On June 8, 2022, our prior sponsor and our sponsor entered into a novation agreement, whereby our prior sponsor transferred all of its rights and obligations under each of the contracts to which it was a party to our sponsor, and a securities transfer agreement, whereby our prior sponsor transferred all of its founder shares and private placement warrants to our sponsor. While our sponsor remains controlled solely by FPP and Mr. Orcel remains a non-voting member, Nevsky Properties is not on its register of members.

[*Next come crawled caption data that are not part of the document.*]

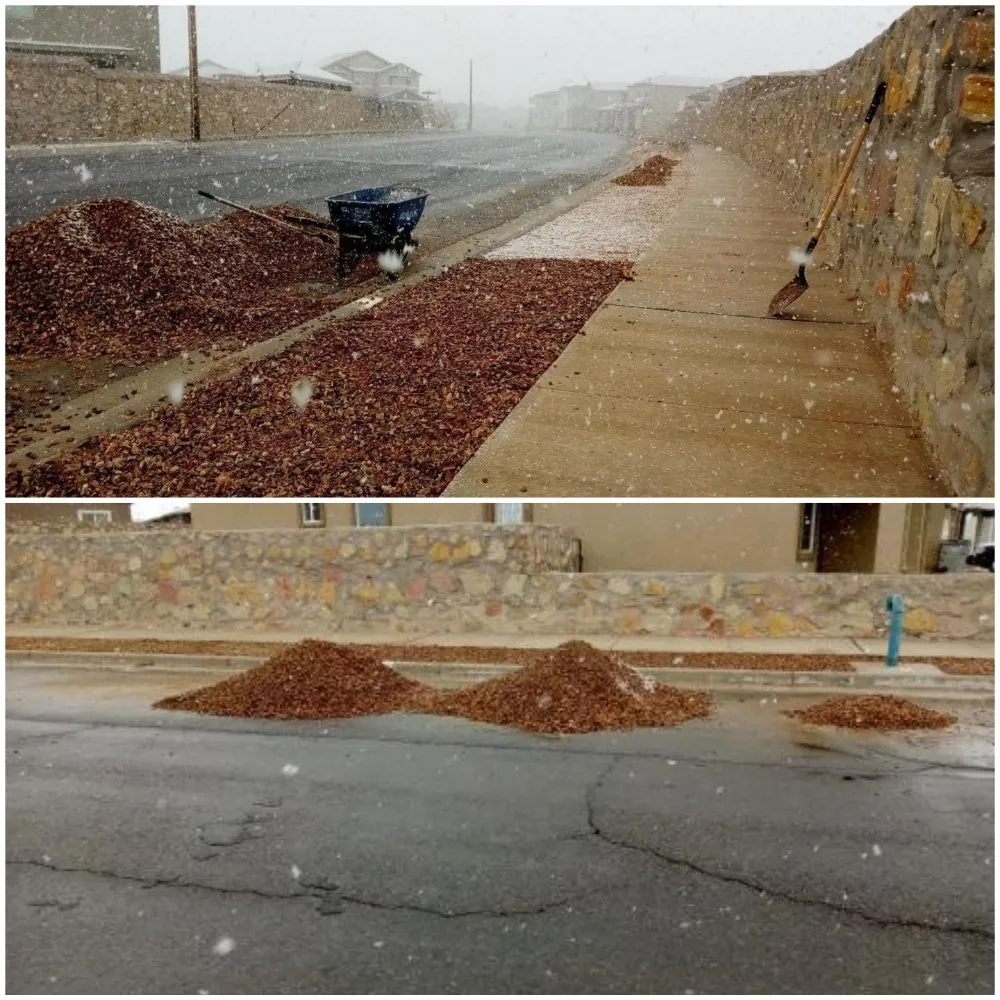 Expert residential landscaping in El Paso, TX - Nature's Keepers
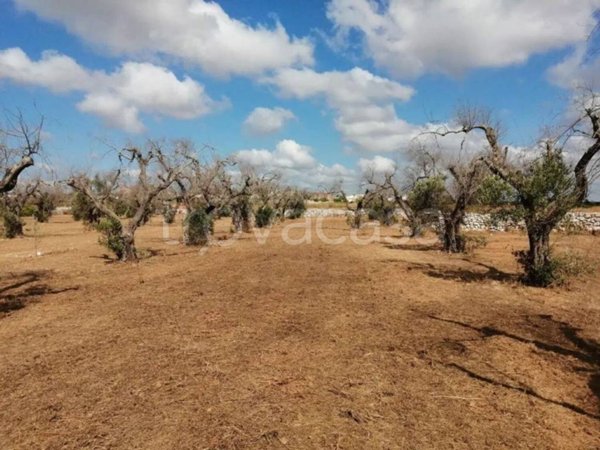 terreno agricolo in vendita a Castrignano del Capo in zona Giuliano di Lecce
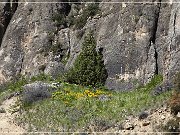 Ten Sleep Canyon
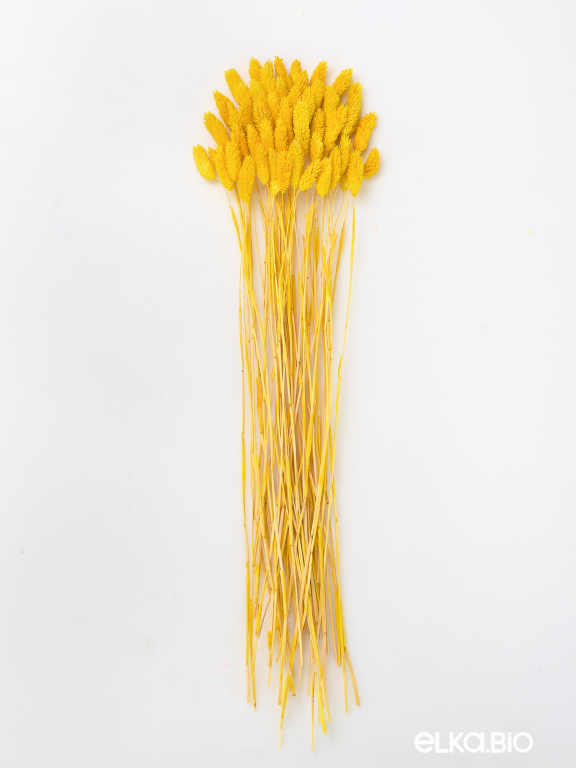 Фалярис жёлтый (40шт) М106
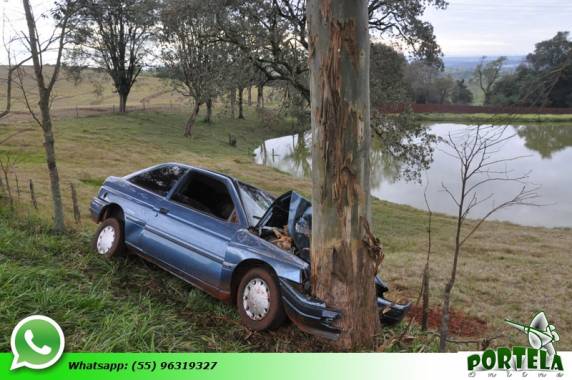 Carro colide em árvore na ERS-330 em Miraguaí - foto 2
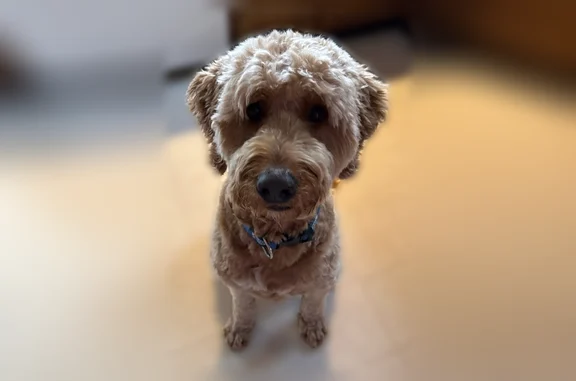 Lost dog, Hampton Avenue, St. Louis - male named Mikey - photo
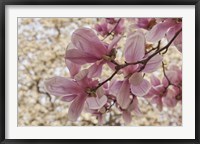 Yulan Magnolia Blossoms, Louisville, Kentucky Fine Art Print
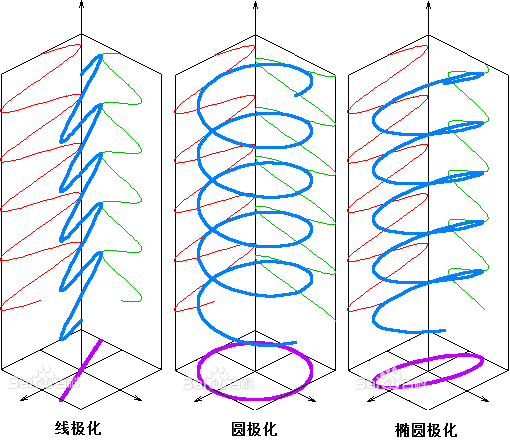 三种极化示意图, 红色与绿色的曲线是电场矢量(蓝色曲线)方向的分量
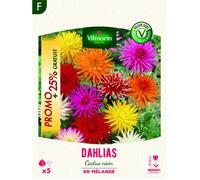Bulbe - Vilmorin - Dahlia Cactus nain en Mélange (x5) - Promo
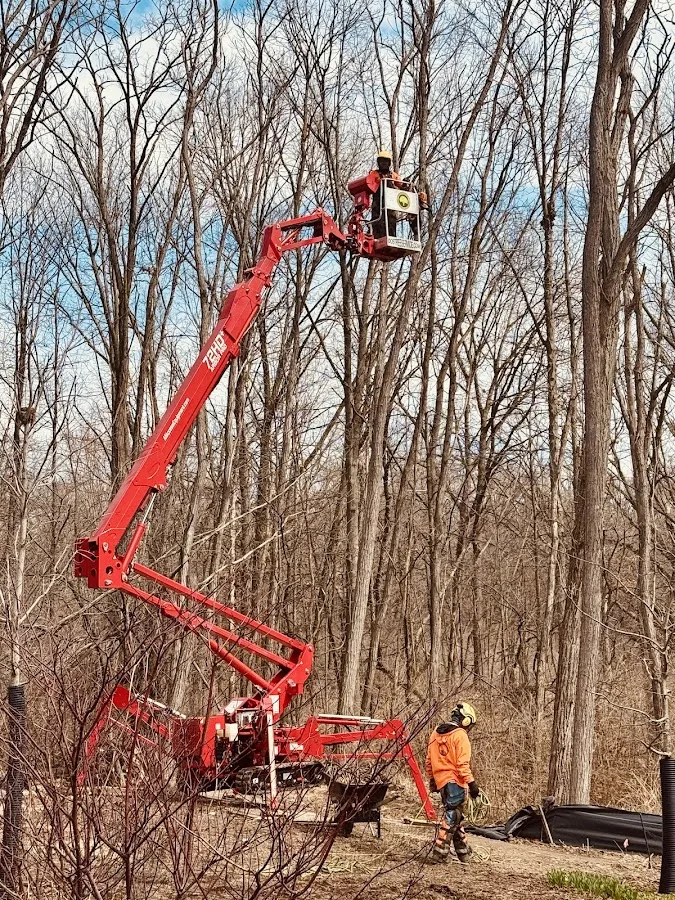 DOS Tree Service LLC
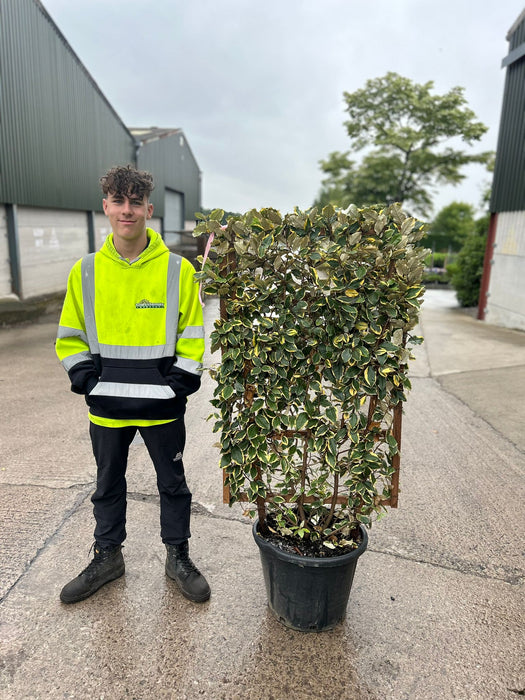 Elaeagnus x Vivileg Pleached Wall Frame 45 Litre Pot 120x70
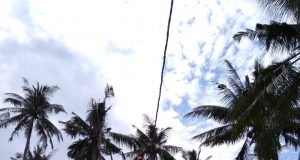 BENAHI LISTRIK- Seorang petugas PLN tengan membenahi sambungan listrik di Kepulauan Karimunjawa.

The registration statement for our Initial Public Offering was declared effective on December 8, 2021. On December 13, 2021, we consummated the Initial Public Offering of 28,750,000 units, including the issuance of 3,750,000 units as a result of the underwriters’ exercise in full of their over-allotment option, at $10.00 per unit and the sale of 9,000,000 private placement warrants at a price of $1.50 per warrant in a private placement to our prior sponsor that closed simultaneously with our Initial Public Offering.
Upon the closing of our Initial Public Offering, a total of $293,250,000, consisting of proceeds from the Initial Public Offering and the sale of the private placement warrants, was placed in a trust account maintained by Continental Stock Transfer & Trust Company, acting as trustee (the “Trust Account”). The funds in the Trust Account will be invested only in U.S. government treasury bills with a maturity of 185 days or less or in money market funds investing solely in U.S. Treasuries and meeting certain conditions under Rule 2a-7 under the Investment Company Act until the earlier of: (i) the completion of a business combination and (ii) the distribution of the funds in the Trust Account to our shareholders.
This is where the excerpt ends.